The odds that Kwitkin is referring to is the chance that her child will be born with PKU if she is not careful with monitoring her protein levels while pregnant. This is called maternal PKU. Maternal PKU is when the maternal phenylalanine concentrations during pregnancy are heightened and the child is at a higher risk of being born with PKU.

Dr. Harvey Levy, a position scientist at Boston Children’s Hospital has been researching metabolic disorders for the past 50 years, including research in maternal PKU.

Dr. Levy recalls a patient he began treating at the beginning of his research which continued throughout the woman’s life. Like Kwitkin, the woman was not serious about sticking to her diet, but became 100% committed upon discovering she was pregnant. Dr. Levy remained her doctor throughout all three of her maternal PKU pregnancies, each one successful in the fact that none of the children were born with PKU.

He has also been an active participant in the research on a new enzyme that concluded a couple of years ago. Just a few months ago, the enzyme was approved for treatment and Dr. Levy introduced it to the woman, who he says has helped her since she does not like the restrictive diet.

Kwitkin has expressed interest in this new treatment, but only once she’s done having children. Ferguson and Elkins have expressed interest as well, admitting they are open to any treatments once they’ve been approved, but are ultimately awaiting a cure.

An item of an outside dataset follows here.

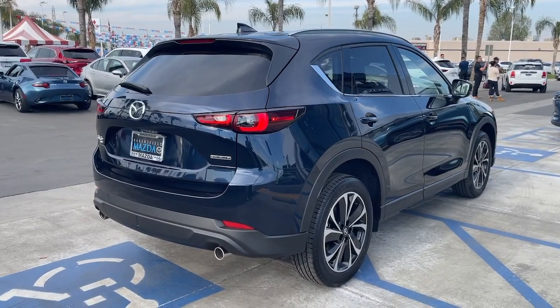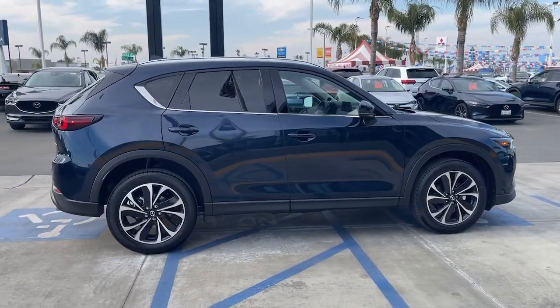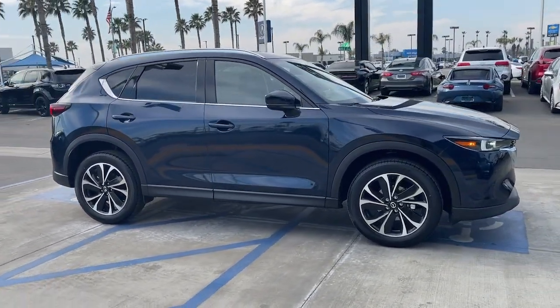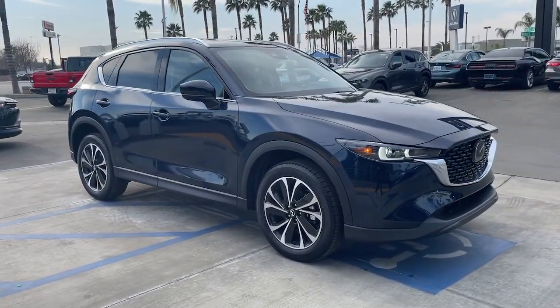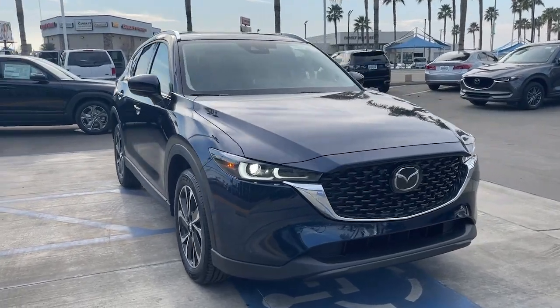These are just some of the great options this vehicle comes with: sun moonroof, keyless entry, power liftgate, electronic stability control, seat memory, trip computer, bucket seats, wheel locks, power windows, and four-wheel disc brakes.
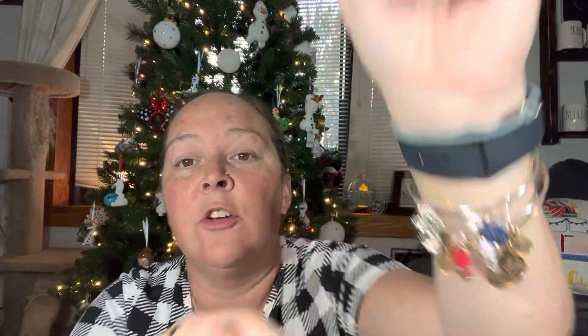I just got a new Alex and Annie, which it has the Cardinal. I love Cardinals. I think you guys know that if you've been on my channel for any length of time. When there's a Cardinal near, that means there's a loved one.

The new enzyme treatment has only been approved for adults, but has been a huge step forward in PKU research. The treatment is a daily injection and allows PHE to be changed metabolically preventing it from getting too high in the patient’s system, so that the patients don’t need the diet. With this new treatment, PKU patients will finally be able to enjoy the foods that they’ve always wanted until a more permanent solution is found.

Even with the new treatments becoming more and more accessible, most people who have been affected by PKU in anyway would agree with Jill Elkin’s final sentiments about the disorder: “We want a cure.”